Checking Dataset Size
Consider checking the dataset size before downloading.
>>> dataset = Dataset.fetch('nasa_marine_debris')
>>> print(dataset)
nasa_marine_debris: Marine Debris Dataset for Object Detection in Planetscope Imagery
>>> print(dataset.stac_catalog_size) # OK the STAC catalog archive is only ~260KB
263582
>>> print(dataset.estimated_dataset_size) # OK the total dataset assets are ~77MB
77207762
Filter by Collection and Asset Keys
To download only the specified STAC collection ids and STAC item asset keys,
create a dictionary in this format and pass it to the collection_filter
parameter:
{ collection_id1: [ asset_key1, asset_key2, ...], collection_id2: [asset_key1, asset_key2, ...] , ... }
For example, using the sen12floods
dataset, if we only wanted to download
four bands of the source imagery:
my_filter = dict(
sen12floods_s2_source=['B02', 'B03', 'B04', 'B08'], # Red, Green, Blue, NIR
sen12floods_s2_labels=['labels', 'documentation'],
)
sen12floods.download(collection_filter=my_filter)
Filter by Temporal Range
To download only STAC assets within a temporal range, use datetime
parameter
to specify a datetime range (tuple of datetime
objects), or a single datetime
object).
from dateutil.parser import parse
my_start_date=parse("2019-04-01T00:00:00+0000")
my_end_date=parse("2019-04-07T00:00:00+0000")
sen12floods.download(datetime=(my_start_date, my_end_date))
Filter by Bounding Box
To download only STAC assets with a spatial bounding box, use the bbox
parameter to specify a bounding box in lat/lng (CRS EPSG:4326). This performs a
spatial intersection test with each STAC item’s bounding box.

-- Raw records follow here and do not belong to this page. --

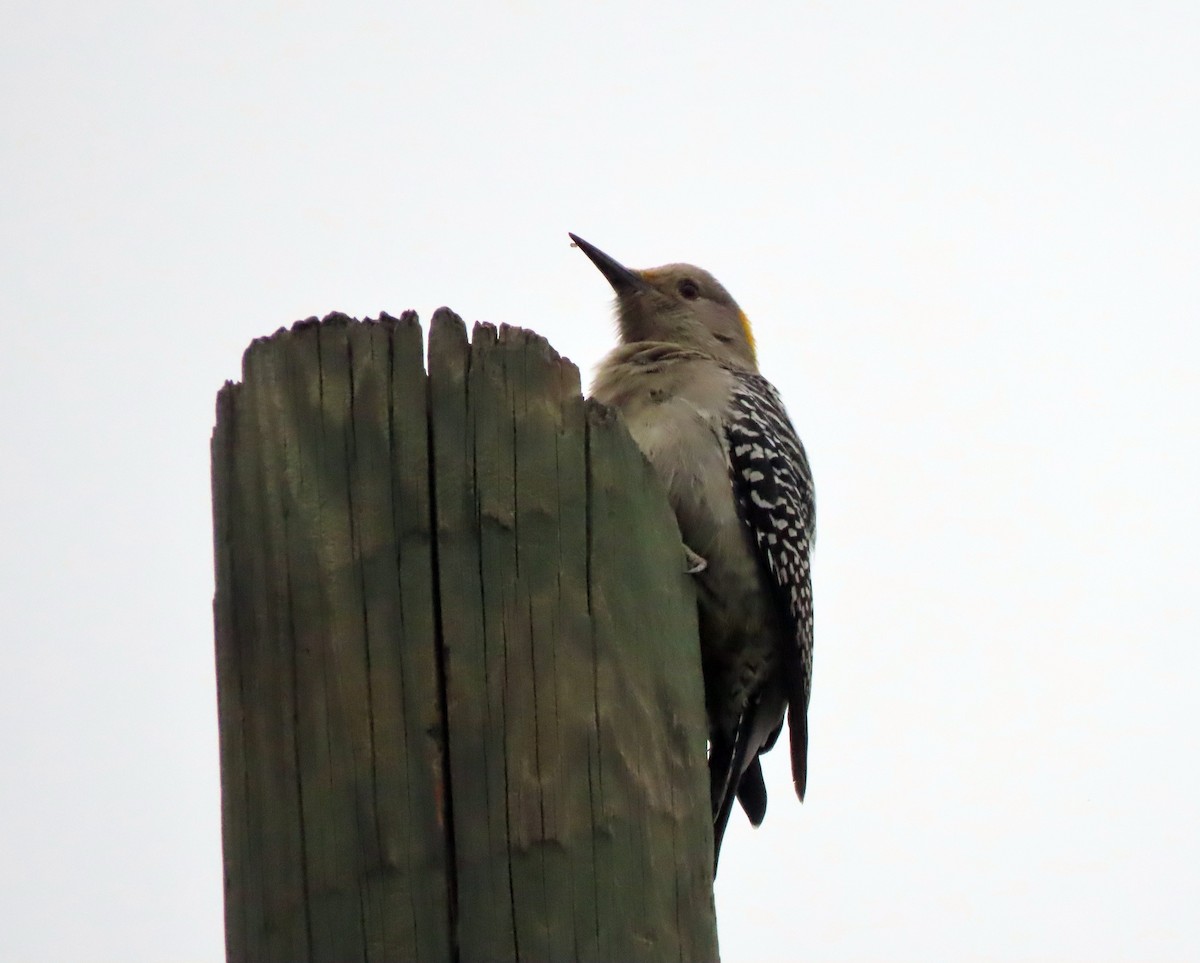 Golden-fronted Woodpecker - ML646281582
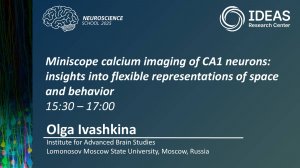 Miniscope calcium imaging of CA1 neurons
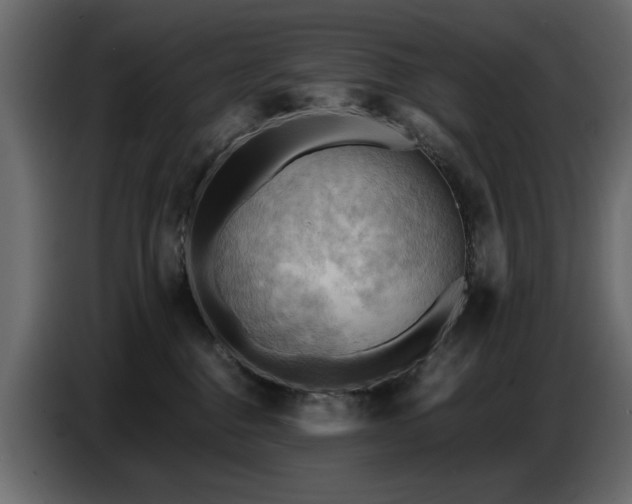 X0000087740376200705071058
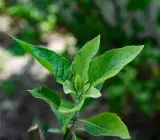 Vernonia amygdalina Plant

my_bbox = [-13.278254, 8.447033,
-13.231551, 8.493532]
sen12floods.download(bbox=my_bbox)
Hint
The bbox
filter may not be used with the intersects
filter (use one
or the other).
Filter by GeoJSON Area of Interest
To download only STAC assets within an area of interest, use the intersects
parameter. This performs a spatial intersection test with each STAC item’s
bounding box.
import json
my_geojson = json.loads(
"""
{
"type": "Feature",
"geometry": {
"type": "Polygon",
"coordinates": [
[
[
-13.278048,
8.493532
],
[
-13.278254,
8.447241
],
[
-13.231762,
8.447033
],
[
-13.231551,
8.493323
],
[
-13.278048,
8.493532
]
]
]
}
}
"""
)
sen12floods.download(intersects=my_geojson)
Hint
The intersects
filter may not be used with the bbox
filter (use one or the other).
Error reporting
Any unrecoverable download errors will be logged to {output_dir}/{dataset_id}/err_report.csv
and a Python exception will be raised.
Appendix: Default Filesystem Layout of Downloads
STAC archive file:
{output_dir}/{dataset_id}.tar.gz
Unarchived STAC catalog:
{output_dir}/{dataset_id}/catalog.json
Collection, Item and Asset layout:
{output_dir}/{dataset_id}/{collection_id}/{item_id}/{asset_key}.{ext}
Common Assets, ex: documentation.pdf are saved into a _common directory instead of duplicating them for many items:
{output_dir}/{dataset_id}/_common/{asset_key}.{ext}
Asset Database:
{output_dir}/{dataset_id}/mlhub_stac_assets.db
Error Report:
{output_dir}/{dataset_id}/err_report.csv
Hint
The mlhub_stac_assets.db
file is an artifact which may be safely deleted to free up disk space.